== Records provided ==
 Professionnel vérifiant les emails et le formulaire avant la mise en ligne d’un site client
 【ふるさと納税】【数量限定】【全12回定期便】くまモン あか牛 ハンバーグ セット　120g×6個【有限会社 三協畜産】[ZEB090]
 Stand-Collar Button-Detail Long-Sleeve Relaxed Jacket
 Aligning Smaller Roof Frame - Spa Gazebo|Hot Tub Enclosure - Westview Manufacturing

---

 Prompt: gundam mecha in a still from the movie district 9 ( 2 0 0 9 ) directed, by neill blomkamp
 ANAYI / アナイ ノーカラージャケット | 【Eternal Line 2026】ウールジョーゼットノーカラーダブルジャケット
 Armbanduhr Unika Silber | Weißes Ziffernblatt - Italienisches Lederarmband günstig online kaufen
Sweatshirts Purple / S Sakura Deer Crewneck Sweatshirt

== Work instructions ==
Above are the records; repeat exactly the lines from the one holding "Prompt: gundam mecha" down to the one holding "Sweatshirts Purple /", end lines included.

== Problem solution ==
 Prompt: gundam mecha in a still from the movie district 9 ( 2 0 0 9 ) directed, by neill blomkamp
 ANAYI / アナイ ノーカラージャケット | 【Eternal Line 2026】ウールジョーゼットノーカラーダブルジャケット
 Armbanduhr Unika Silber | Weißes Ziffernblatt - Italienisches Lederarmband günstig online kaufen
Sweatshirts Purple / S Sakura Deer Crewneck Sweatshirt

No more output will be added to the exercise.